DIRECTIONS FOR THIS TASK:
Transcribe only the lines from the one containing "The Poodle Sweatshirt" through the final line of the entries below, exactly, and exclude the pictures.

DATA FOR REVIEW:
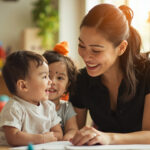 The Long-Term Impact of Early Childcare Decisions on Your Child's Life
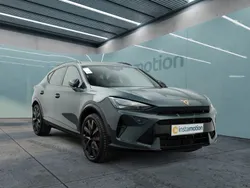 Blau Gebraucht 2024 Cupra Formentor SUV | 36.249 € (Fairer Preis)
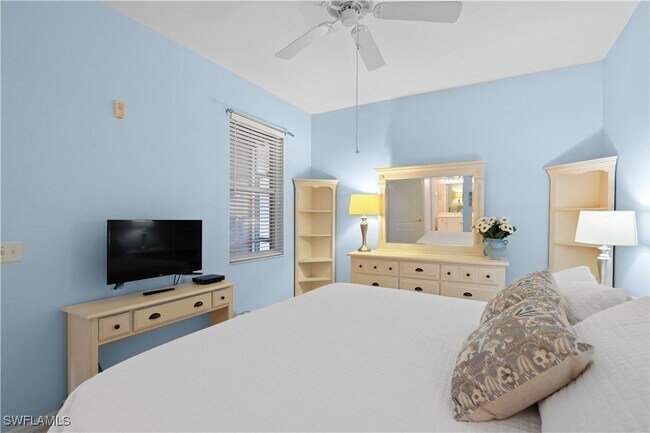 property at 3800 Sawgrass Way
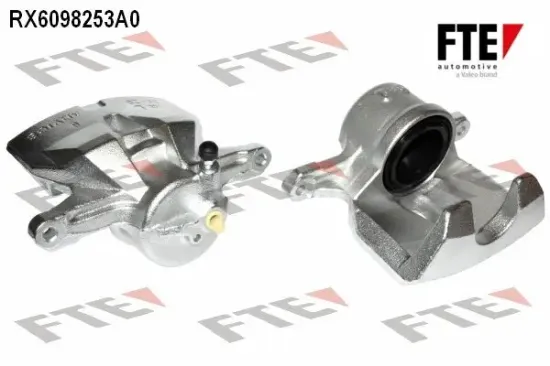 Bremssattel Vorderachse links FTE 9292255 Bild Bremssattel Vorderachse links FTE 9292255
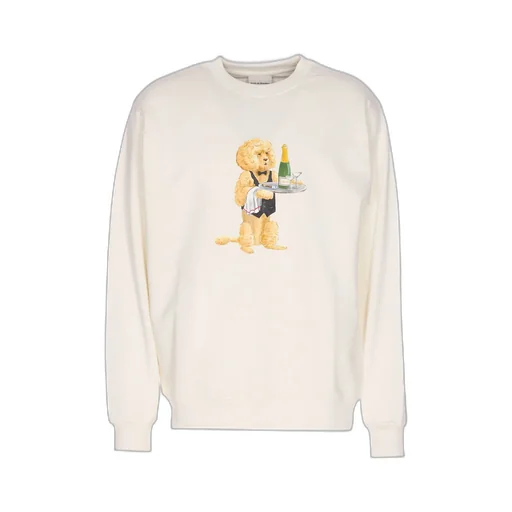 The Poodle Sweatshirt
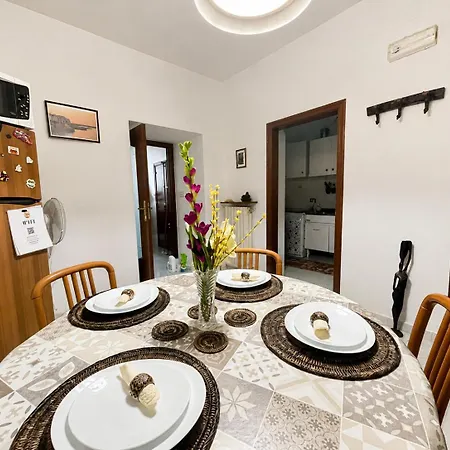 Daire Residenze Storiche - Mura Del Tempo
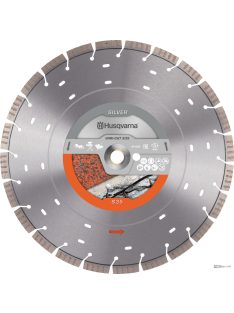 Husqvarna VARI-CUT S35 TURBO 300mm gyémánt vágótárcsa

YOUR RESPONSE:
 The Poodle Sweatshirt
 Daire Residenze Storiche - Mura Del Tempo
 Husqvarna VARI-CUT S35 TURBO 300mm gyémánt vágótárcsa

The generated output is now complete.